1. Hello,
The ceiling function is typically defined as ceiling(x) = min{n : x <= n}, where n is an integer.
What's the fastest algorithm that could perform this operation? (Without using the floor function.) Assume that the only operations you have available are addition, subtraction, multiplication, division, module, logarithm, and powers/exponents.  2.

3. Well, if by "module" you mean the operation "a mob b" which returns the (unique) number 0 ≤ r < b such that there is an integer q with a = qb+r. If you're giving yourself this, then you could do:

x + ((-x) mod 1)

This works because, if the ceiling returns n, then n = x+r, where 0 ≤ r < 1. Then we have -x = -n+r, and according to the above definition, (-x) mod 1 = r.

I feel like this is kind of cheating, because mod is doing all the work. So I'd say it'd be more interesting to get rid of this function. The simplest thing you could do is subtract 1 from x until you get a nonpositive number, and the number of times you subtract 1 is your answer.

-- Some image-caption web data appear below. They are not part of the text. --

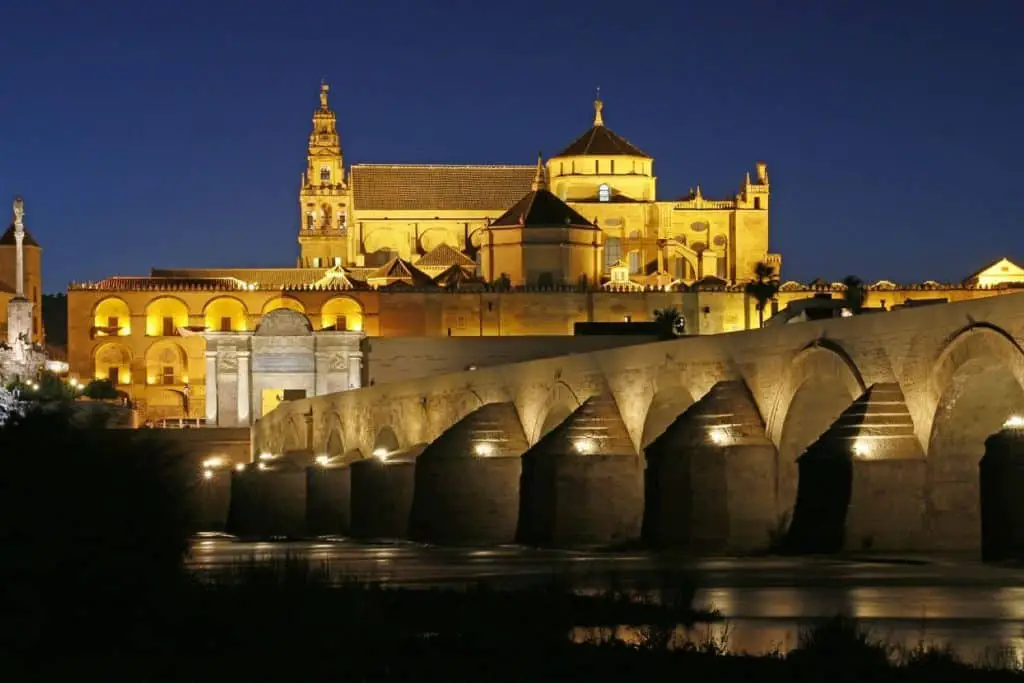  A stunning nighttime view of the illuminated Mosque-Cathedral of Córdoba and the historic Roman Bridge, making it a cultural gem among Cheap Travel Destinations in Europe Summer.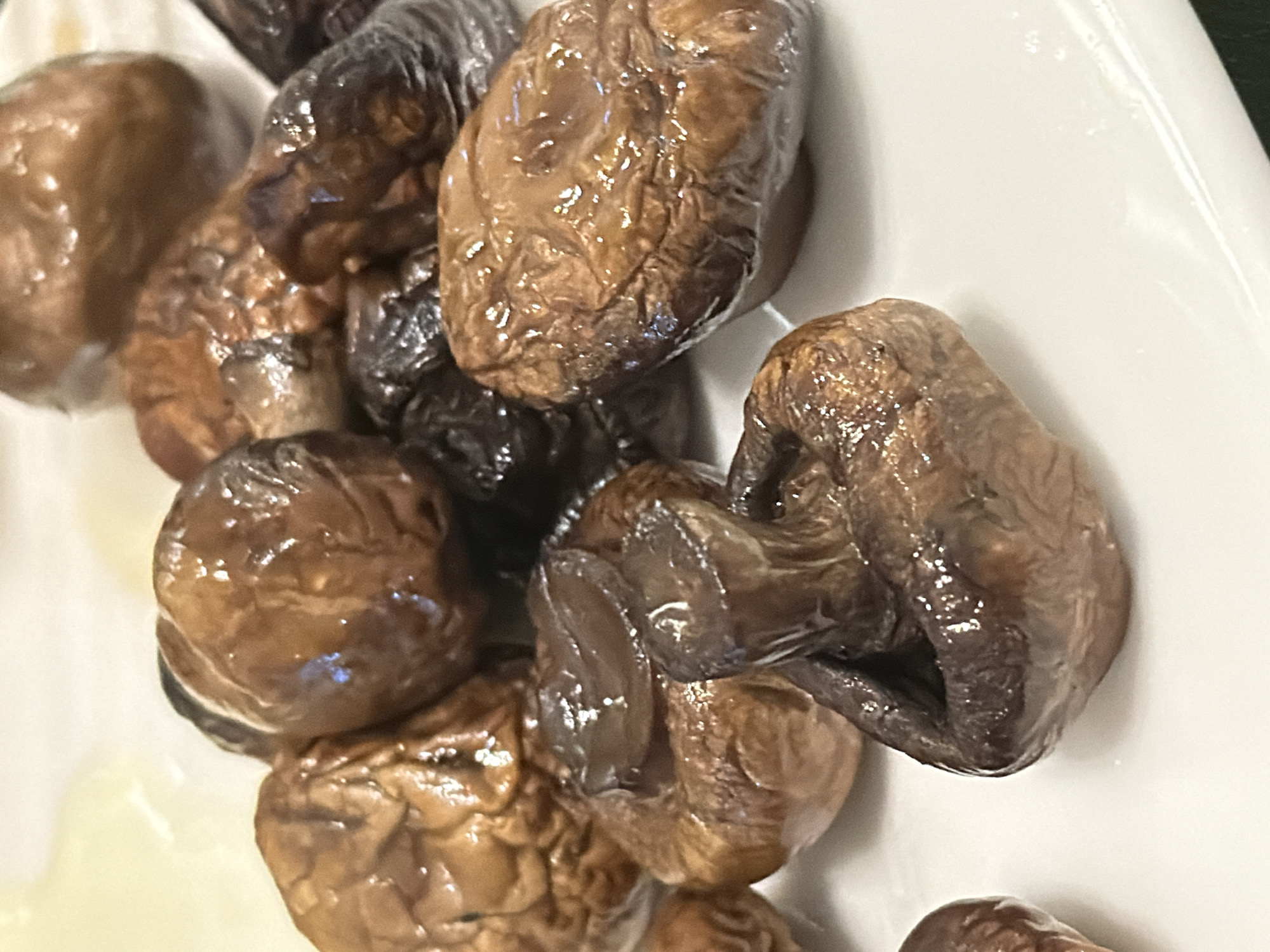 The image shows a close-up of a pile of cooked or marinated mushrooms on a white plate. The mushrooms are various shades of brown, some darker than others, and appear slightly glossy. The background is blurry, with a hint of what might be a dark green surface. There is no indication of the city of Moscow, Russia, or any people.
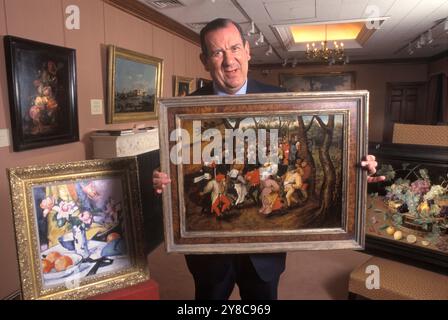 Richard Green, Kunsthändler in seiner Galerie Bond Street mit einem Pieter Brueghel dem Jüngeren, den er erworben hatte. London, England um die 1995 1990er Jahre Großbritannien HOMER SYKES. Stockfoto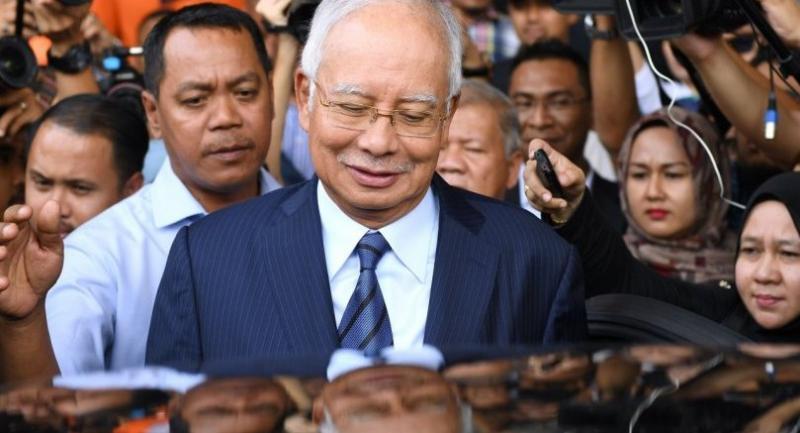 Malaysian ex-leader, former 1MDB head charged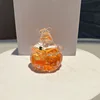 Botella naranja con diseño de calabaza de Halloween.
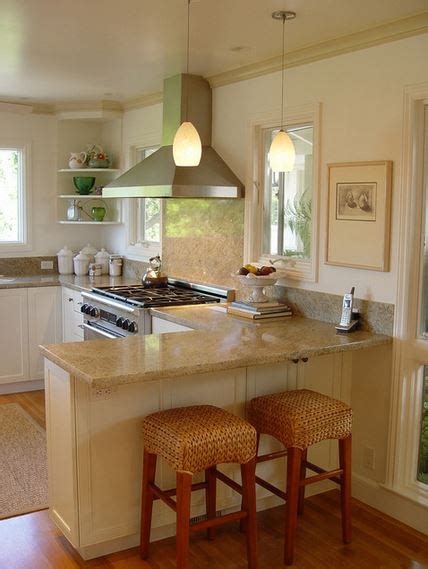 The bar is again the extended arm of the counter. Kitchen Breakfast Bar - Countertop Height or Bar Height?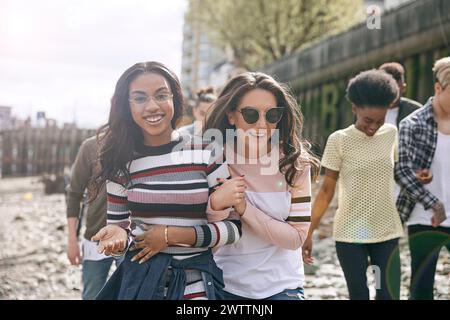 Two women smiling and walking outdoors with friends in the background. Stock Photo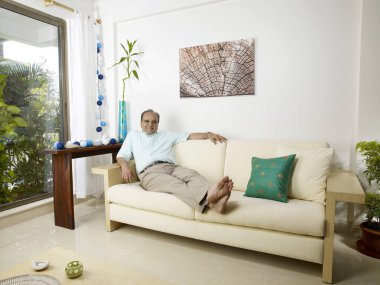 Kanepede oturan yaşlı adam. 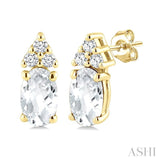 1/20 Ctw Oval Cut 5X3 MM White Topaz and Round Cut Diamond semi-precious Earrings in 10K Yellow Gold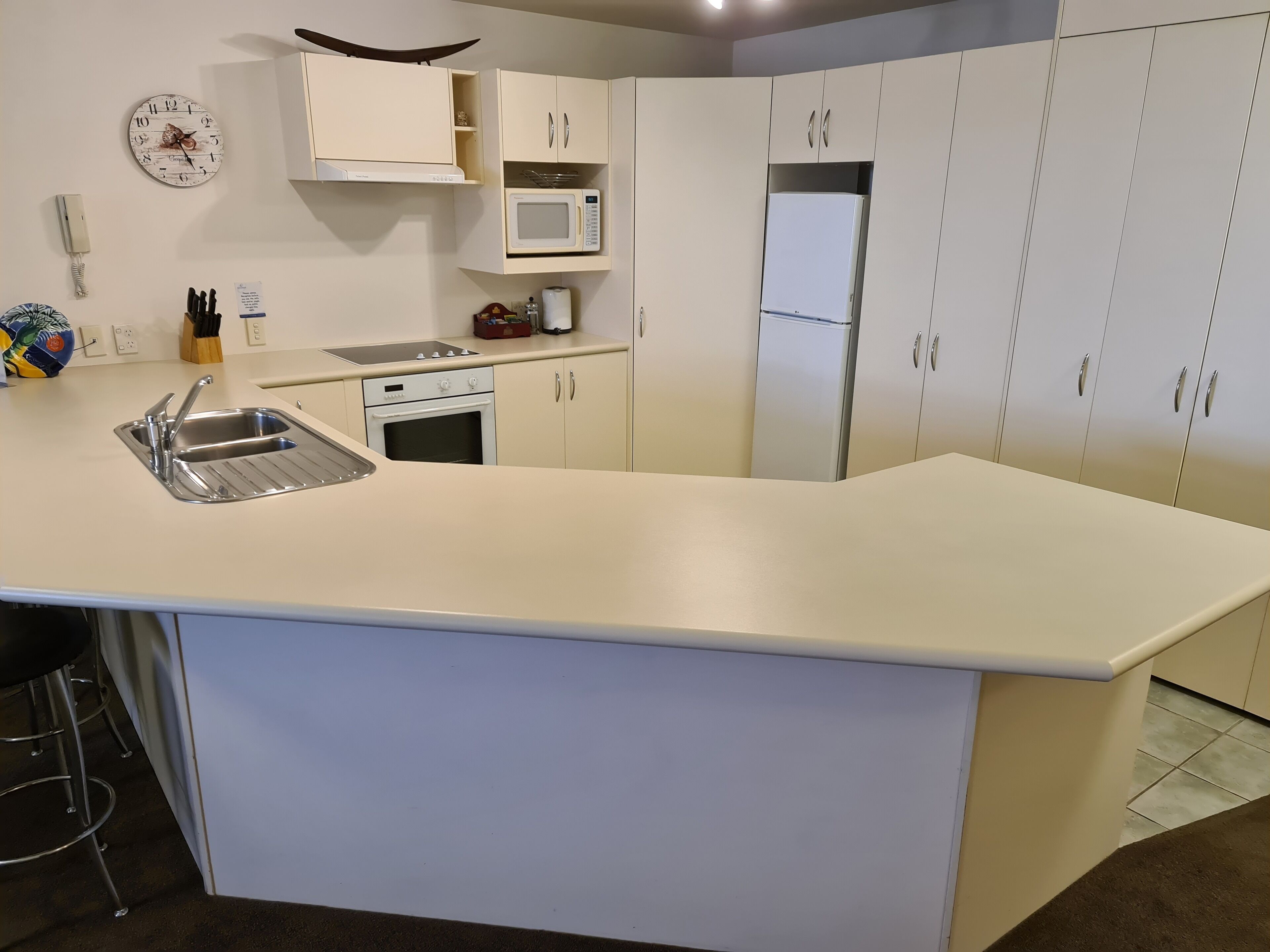 A modern kitchen with white cabinetry, a stainless steel sink, a microwave, and a refrigerator.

But you can be smarter than this: if a number is big, you know you'll have to subtract 1 a lot of times, so we can figure out how many times by applying log base 10 and seeing what the highest power of 10 you can subtract off. Then this becomes basically the same question as finding the decimal expansion of x.  4. Hi, thanks for the reply.
Yes that does seem like the best solution. The reason I allowed the modulo operator was because in my application of this problem, I happened to have it available. You're right though: the problem is more interesting without the modulo operator.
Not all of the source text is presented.